POURQUOI PAS DES IMPÔTS À LA CARTE ?, par Jean-Paul Vignal

Billet invité.

Un des grands principes de la fiscalité publique en France est la non affectation des recettes fiscales : le produit d’un impôt ne peut normalement pas être affecté à une dépense déterminée. Il va de soi que ce principe implique a fortiori qu’aucun contribuable ne peut affecter le montant de ses impôts à une dépense déterminée.

Les exceptions confirmant toujours la règle, il y a bien sûr des exceptions à ce principe ; elles sont en général destinées à simplifier la comptabilité publique et la gestion de certaines entités publiques dotées de ressources propres. Ces exceptions sont très surveillées, car elles constituent un des moyens les plus simples de sortir des dépenses publiques du budget, et donc d’éviter le contrôle parlementaire. Elles consistent le plus souvent à prélever un certain pourcentage voire la totalité des recettes des entités qui bénéficient de ce traitement particulier et à les affecter à leurs dépenses de fonctionnement.
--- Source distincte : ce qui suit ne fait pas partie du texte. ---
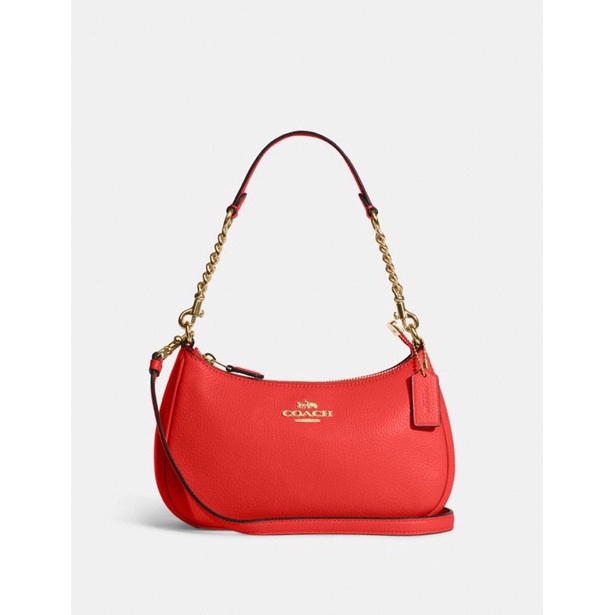 Coach Teri Shoulder Bag Red Leather (CA209)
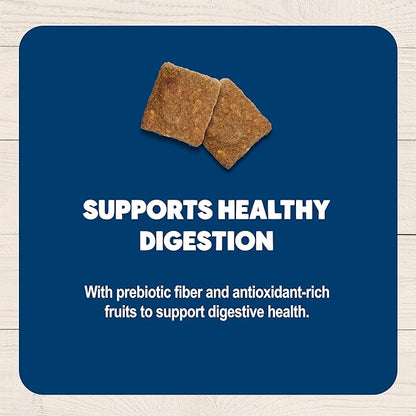 Blue Buffalo BeneBars Digestive Support Dog Treats with Prebiotic Fiber,Made with Natural Ingredients,USA Chicken & Apple,9-oz Bag,(Pack of 2)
Il y a une autre forme d’affectation des recettes, moins évidente mais bien réelle : ce sont les niches fiscales. Dans ce cas, le contribuable « prélève » directement une certaine somme de l’impôt qu’il devrait payer, parce qu’il a effectué une dépense qui correspondait à une niche fiscale. Dans l’absolu, le principe est sain ; il consiste à subventionner les contribuables qui effectuent des dépenses conformes à la politique souhaitée par l’Etat. Il a le double avantage d’éviter les frais d’intermédiation (collecte de l’impôt, et gestion de la distribution des subventions) et d’avantager les agents économiques bénéficiaires, qui sont donc les plus « efficaces » dans notre système de valeurs actuel.

Mais quand on y regarde de plus près, certaines de ces niches traduisent une vision un peu particulière de l’intérêt collectif et permettent à des personnes physiques ou à des entreprises « d’affecter » les impôts qu’ils payent en fonction de leurs intérêts, de leur humeur, de leur goût et de leur bon plaisir du moment, par le biais des multiples niches fiscales, dont, notamment, celle sur le mécénat dit d’art. Quand on a la malchance de ne pas pouvoir éviter de devoir « admirer » certaines des « oeuvres » qui trônent sur les murs et dans les halls de nombreux bureaux de luxe, on peut parfois douter de l’intérêt autre que de rémunérer des amis artistes ou assimilés en franchise fiscale aux dépens des salariés, des actionnaires et de la collectivité.

Le contribuable/citoyen lambda bénéficie aussi de quelques niches fiscales, mais on pourrait améliorer ce dispositif. Il n’est pas certain que la déduction fiscale pour nain de jardin serait un progrès pour l’art, ou pour la beauté de nos villes et villages, mais ce serait un progrès pour la justice, car leurs propriétaires leur sont aussi attachés, et en sont aussi fiers que le sont les propriétaires en franchise fiscale de certaines croûtes ou mobiles et autres oeuvres avant-gardistes.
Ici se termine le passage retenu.